With all the talk of elections and coalitions, I remain stupefied (well, not really) that electoral reform remains outside the scope of discussion for political columnists, pundits and parties. The only recent reference I could find online was from Leslie Campbell at the National Democratic Institute in the September 4 Globe and Mail. Harper's ruminations about needing a "majority" (of seats, not votes), to teach the socialists, separatists and liberals a lesson, go unchallenged or are written off as a matter of personality, not program. But we know exactly why Harper wants his phony majority. It's about policy, not "education". Harper wraps himself in democracy and the flag to paint himself and the conservatives as the victims when it is the voters who are victimized election after election. Meanwhile, the media ask "what's that smell?" It's elephant dung stupid.

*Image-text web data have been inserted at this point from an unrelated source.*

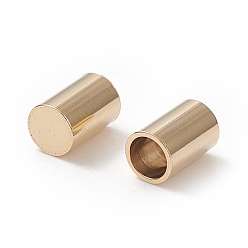 Real 24K Gold Plated 201 Stainless Steel Cord Ends, End Caps, Column, Real 24K Gold Plated, 6x4mm, Inner Diameter: 3mm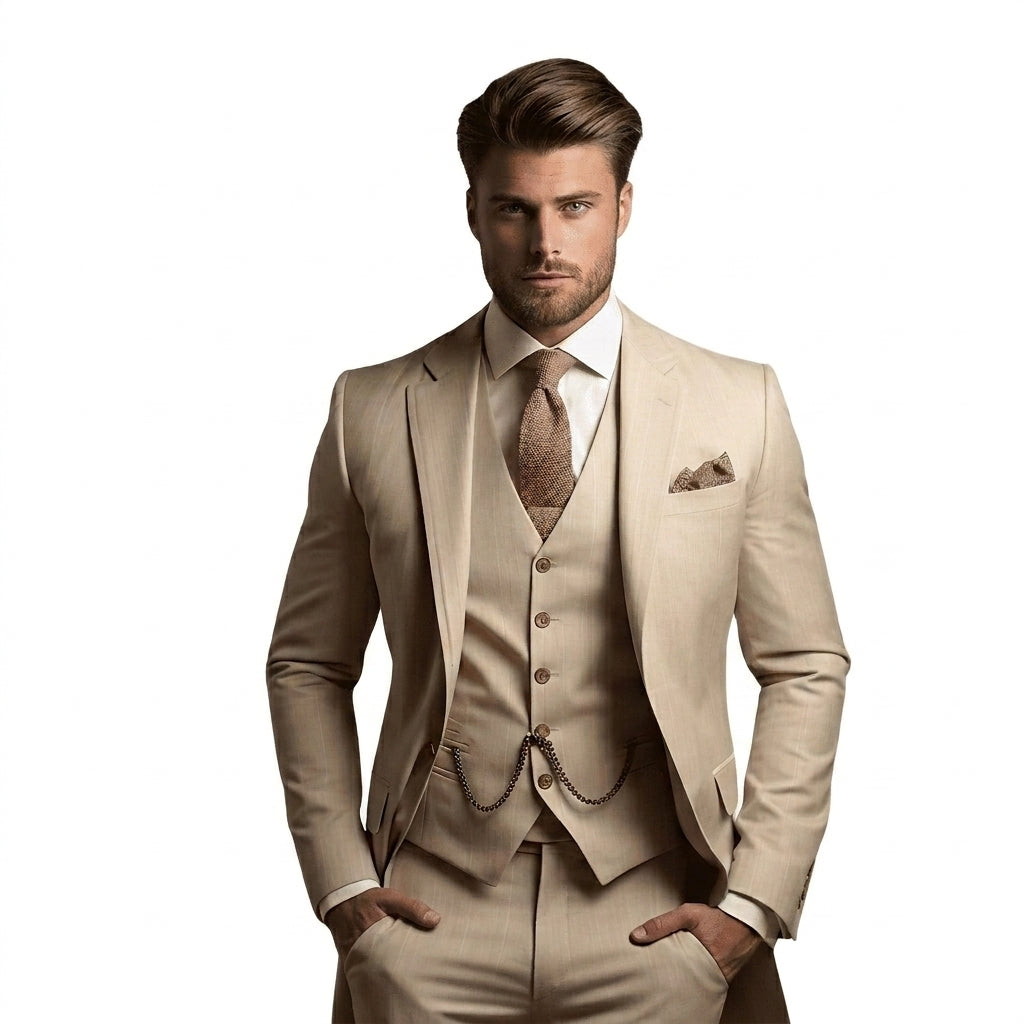 Men's 3-Piece Suit Set with Blazer, Vest and Dress Pants 2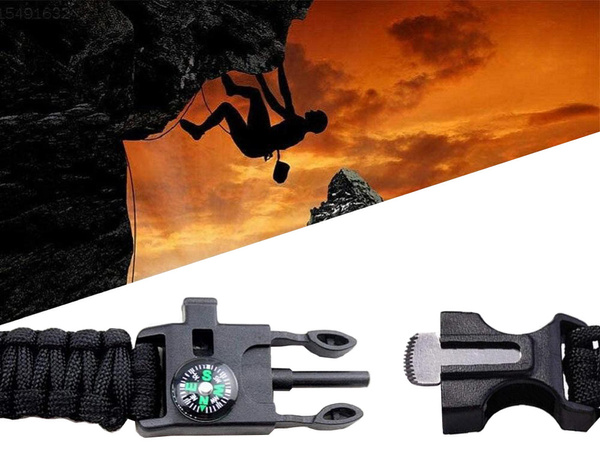 Zapestnica za preživetje zapestnica 5v1 kompas flint vrv nož paracord vrv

We know that the liberal party opposes proportional representation. But Iggy goes one step further by falling into Harper's coalition trap. The notion of some kind of coalition government, as allowed for under the current (unfair) electoral & partiamentary system is rejected a priori as illegimate - whether floated as a way to prevent an election or as a potential outcome in any future election. The only "legitimate" victory is a phony majority. Common wisdom?
The Bloc rejects electoral reform for obvious reasons. They are a big beneficiary of the current unfair electoral system. The NDP always say they support reform and PR, but they don't seem to take advantage of any opportunities to talk about it (or to actually do something about it at the provincial level when they've had the opportunity).
So, each of the 3 pan-Canadian parties will carry on with business as usual in the hope (or pretension) that they can finesse enough 3, 4 or 5-way races to end up with a "majority" government with a minority of the votes. "Democracy" is not much more than wedge issue-driven cycnical manipulation that grants total power to the victor. It's a sorry state of affairs. No wonder more and more people are staying home on election day.